WHAT YOU SHOULD DO: Copy exactly, and only, the lines from the line containing "Bedroom - 6122" through the last line of the records below, both included.

RECORDS SUPPLIED:
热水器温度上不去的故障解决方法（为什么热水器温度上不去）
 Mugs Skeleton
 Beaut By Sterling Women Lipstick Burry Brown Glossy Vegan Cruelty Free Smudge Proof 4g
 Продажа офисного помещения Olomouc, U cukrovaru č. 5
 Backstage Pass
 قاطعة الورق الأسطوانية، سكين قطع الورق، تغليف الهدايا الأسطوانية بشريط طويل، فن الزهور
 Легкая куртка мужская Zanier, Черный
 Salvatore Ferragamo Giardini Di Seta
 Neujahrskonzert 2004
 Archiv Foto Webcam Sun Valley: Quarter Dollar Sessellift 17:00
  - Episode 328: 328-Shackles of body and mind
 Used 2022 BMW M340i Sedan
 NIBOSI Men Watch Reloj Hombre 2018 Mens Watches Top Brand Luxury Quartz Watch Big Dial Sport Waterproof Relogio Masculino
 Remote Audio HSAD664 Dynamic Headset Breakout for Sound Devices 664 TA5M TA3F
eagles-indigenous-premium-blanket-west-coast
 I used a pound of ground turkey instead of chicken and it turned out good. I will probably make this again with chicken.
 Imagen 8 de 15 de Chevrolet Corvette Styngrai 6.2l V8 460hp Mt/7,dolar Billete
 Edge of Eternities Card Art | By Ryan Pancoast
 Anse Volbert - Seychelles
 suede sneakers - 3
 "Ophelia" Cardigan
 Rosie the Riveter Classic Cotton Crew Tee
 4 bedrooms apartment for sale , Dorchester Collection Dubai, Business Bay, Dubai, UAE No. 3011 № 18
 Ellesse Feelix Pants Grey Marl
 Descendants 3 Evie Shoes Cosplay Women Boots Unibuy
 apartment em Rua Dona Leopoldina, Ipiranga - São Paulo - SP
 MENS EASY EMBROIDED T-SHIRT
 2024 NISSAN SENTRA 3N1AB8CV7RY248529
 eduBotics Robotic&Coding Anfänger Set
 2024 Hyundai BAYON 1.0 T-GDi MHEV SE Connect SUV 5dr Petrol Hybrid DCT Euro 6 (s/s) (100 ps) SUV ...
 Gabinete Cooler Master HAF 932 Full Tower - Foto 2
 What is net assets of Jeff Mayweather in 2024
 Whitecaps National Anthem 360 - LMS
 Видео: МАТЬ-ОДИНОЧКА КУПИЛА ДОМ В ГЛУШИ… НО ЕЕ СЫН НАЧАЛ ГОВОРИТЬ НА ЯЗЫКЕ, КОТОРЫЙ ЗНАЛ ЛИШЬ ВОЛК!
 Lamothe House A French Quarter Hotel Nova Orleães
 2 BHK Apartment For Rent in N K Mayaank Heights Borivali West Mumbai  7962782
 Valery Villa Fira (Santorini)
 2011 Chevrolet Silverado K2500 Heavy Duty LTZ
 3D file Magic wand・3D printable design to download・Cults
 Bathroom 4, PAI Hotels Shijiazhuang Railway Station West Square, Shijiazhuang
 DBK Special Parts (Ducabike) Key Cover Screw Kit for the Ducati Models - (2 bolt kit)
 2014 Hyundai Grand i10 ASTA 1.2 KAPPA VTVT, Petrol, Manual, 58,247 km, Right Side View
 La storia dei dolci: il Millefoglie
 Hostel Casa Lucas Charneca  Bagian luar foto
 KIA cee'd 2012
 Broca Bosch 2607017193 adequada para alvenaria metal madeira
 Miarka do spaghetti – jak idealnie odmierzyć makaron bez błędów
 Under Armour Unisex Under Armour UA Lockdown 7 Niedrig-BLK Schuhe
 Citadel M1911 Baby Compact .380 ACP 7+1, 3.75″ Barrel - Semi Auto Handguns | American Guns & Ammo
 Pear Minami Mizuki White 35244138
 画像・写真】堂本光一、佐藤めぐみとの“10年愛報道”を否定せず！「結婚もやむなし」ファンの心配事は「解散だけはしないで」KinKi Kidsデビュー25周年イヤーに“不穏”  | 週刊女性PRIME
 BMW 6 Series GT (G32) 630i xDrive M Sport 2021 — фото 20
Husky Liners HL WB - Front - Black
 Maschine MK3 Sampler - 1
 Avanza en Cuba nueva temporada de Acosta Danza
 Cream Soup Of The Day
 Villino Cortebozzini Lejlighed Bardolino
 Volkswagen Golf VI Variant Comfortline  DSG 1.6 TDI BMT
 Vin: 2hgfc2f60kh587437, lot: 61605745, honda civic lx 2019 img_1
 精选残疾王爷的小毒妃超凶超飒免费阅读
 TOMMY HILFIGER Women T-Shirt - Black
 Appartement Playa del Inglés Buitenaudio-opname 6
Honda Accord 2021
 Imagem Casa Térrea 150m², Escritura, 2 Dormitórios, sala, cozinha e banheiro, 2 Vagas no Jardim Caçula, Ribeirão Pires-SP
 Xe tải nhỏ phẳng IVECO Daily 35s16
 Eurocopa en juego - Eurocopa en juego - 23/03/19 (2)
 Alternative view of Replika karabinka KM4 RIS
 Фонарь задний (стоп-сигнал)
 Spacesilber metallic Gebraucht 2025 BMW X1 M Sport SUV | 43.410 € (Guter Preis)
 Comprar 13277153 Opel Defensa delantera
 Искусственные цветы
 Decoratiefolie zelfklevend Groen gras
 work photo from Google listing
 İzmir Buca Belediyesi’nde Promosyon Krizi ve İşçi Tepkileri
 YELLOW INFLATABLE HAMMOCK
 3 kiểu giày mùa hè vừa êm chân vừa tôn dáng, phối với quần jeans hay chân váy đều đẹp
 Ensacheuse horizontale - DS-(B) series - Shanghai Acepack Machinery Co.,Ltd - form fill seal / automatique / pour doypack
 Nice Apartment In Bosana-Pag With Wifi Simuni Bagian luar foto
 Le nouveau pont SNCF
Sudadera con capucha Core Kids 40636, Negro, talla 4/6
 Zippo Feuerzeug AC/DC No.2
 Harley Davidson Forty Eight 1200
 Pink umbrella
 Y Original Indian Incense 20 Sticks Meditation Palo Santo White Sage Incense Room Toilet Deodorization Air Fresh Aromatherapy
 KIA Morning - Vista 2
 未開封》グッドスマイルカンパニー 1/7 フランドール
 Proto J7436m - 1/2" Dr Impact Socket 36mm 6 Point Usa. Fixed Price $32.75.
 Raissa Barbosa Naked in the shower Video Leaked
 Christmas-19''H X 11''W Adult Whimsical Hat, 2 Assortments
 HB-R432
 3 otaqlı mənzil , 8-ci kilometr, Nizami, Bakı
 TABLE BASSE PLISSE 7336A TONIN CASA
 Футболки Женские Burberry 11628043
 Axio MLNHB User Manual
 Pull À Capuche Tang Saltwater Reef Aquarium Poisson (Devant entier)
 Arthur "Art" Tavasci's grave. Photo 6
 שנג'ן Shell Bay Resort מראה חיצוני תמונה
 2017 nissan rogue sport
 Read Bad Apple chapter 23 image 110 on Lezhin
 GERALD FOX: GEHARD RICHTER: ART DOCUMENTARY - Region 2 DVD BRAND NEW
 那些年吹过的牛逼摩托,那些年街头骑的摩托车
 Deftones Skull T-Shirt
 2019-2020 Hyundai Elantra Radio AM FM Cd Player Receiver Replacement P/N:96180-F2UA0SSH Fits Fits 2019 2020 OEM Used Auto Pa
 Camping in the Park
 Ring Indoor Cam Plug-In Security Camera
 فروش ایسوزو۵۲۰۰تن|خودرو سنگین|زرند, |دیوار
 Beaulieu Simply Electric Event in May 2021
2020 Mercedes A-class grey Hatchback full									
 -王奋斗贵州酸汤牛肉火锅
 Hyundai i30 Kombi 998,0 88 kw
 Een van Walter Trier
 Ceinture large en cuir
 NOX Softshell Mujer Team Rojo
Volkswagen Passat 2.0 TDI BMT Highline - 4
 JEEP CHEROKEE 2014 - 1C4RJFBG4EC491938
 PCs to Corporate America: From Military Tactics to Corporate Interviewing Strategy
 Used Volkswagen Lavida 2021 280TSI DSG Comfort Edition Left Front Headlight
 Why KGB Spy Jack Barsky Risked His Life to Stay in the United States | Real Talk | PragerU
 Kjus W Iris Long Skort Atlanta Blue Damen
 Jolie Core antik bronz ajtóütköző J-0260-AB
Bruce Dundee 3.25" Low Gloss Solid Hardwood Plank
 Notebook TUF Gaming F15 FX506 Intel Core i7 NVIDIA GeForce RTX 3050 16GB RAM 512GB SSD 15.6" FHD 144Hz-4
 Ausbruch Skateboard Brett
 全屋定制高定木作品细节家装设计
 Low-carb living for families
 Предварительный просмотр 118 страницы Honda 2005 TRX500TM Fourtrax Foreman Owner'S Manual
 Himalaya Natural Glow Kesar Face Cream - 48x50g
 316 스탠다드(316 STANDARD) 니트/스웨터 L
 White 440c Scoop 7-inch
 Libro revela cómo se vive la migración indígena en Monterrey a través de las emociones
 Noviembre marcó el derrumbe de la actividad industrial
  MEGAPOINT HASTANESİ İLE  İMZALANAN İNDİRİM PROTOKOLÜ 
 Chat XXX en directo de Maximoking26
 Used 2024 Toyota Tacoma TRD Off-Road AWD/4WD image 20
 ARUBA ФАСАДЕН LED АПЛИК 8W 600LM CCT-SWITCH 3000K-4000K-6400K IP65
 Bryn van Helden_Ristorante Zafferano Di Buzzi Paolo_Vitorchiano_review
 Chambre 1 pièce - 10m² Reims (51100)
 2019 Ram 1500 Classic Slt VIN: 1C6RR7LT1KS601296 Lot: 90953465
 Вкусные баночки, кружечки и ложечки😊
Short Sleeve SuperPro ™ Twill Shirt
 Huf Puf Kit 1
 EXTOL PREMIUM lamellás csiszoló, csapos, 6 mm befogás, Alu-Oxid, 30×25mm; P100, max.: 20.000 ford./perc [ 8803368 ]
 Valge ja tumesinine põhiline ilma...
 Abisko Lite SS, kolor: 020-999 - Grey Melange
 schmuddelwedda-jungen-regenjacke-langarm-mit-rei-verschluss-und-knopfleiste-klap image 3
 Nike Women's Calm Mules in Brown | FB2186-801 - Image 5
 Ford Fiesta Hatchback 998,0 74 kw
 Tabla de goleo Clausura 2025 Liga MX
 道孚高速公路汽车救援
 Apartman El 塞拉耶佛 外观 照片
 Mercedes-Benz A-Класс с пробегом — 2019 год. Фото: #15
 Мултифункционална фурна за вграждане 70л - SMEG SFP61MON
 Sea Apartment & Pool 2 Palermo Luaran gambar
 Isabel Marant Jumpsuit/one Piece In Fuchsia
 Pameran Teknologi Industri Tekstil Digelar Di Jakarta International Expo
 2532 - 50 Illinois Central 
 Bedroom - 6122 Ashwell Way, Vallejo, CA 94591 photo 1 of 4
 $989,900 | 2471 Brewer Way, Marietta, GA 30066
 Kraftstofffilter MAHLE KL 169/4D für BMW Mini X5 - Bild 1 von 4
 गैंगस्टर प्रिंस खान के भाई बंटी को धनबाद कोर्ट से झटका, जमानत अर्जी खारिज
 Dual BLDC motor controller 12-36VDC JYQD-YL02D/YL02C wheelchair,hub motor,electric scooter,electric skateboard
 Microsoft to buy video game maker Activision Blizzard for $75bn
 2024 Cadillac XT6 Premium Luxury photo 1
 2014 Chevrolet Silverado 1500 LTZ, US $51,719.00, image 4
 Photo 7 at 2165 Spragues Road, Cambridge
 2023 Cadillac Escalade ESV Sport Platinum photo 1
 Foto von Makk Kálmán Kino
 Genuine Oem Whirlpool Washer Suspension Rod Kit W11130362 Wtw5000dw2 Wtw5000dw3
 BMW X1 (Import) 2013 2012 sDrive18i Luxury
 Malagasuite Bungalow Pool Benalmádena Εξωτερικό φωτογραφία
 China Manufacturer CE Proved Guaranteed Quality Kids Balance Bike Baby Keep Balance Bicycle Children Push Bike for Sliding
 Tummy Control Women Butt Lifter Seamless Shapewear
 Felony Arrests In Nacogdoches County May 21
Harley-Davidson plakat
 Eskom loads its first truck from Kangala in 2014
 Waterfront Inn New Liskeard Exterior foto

TASK SOLUTION:
 Bedroom - 6122 Ashwell Way, Vallejo, CA 94591 photo 1 of 4
 $989,900 | 2471 Brewer Way, Marietta, GA 30066
 Kraftstofffilter MAHLE KL 169/4D für BMW Mini X5 - Bild 1 von 4
 गैंगस्टर प्रिंस खान के भाई बंटी को धनबाद कोर्ट से झटका, जमानत अर्जी खारिज
 Dual BLDC motor controller 12-36VDC JYQD-YL02D/YL02C wheelchair,hub motor,electric scooter,electric skateboard
 Microsoft to buy video game maker Activision Blizzard for $75bn
 2024 Cadillac XT6 Premium Luxury photo 1
 2014 Chevrolet Silverado 1500 LTZ, US $51,719.00, image 4
 Photo 7 at 2165 Spragues Road, Cambridge
 2023 Cadillac Escalade ESV Sport Platinum photo 1
 Foto von Makk Kálmán Kino
 Genuine Oem Whirlpool Washer Suspension Rod Kit W11130362 Wtw5000dw2 Wtw5000dw3
 BMW X1 (Import) 2013 2012 sDrive18i Luxury
 Malagasuite Bungalow Pool Benalmádena Εξωτερικό φωτογραφία
 China Manufacturer CE Proved Guaranteed Quality Kids Balance Bike Baby Keep Balance Bicycle Children Push Bike for Sliding
 Tummy Control Women Butt Lifter Seamless Shapewear
 Felony Arrests In Nacogdoches County May 21
Harley-Davidson plakat
 Eskom loads its first truck from Kangala in 2014
 Waterfront Inn New Liskeard Exterior foto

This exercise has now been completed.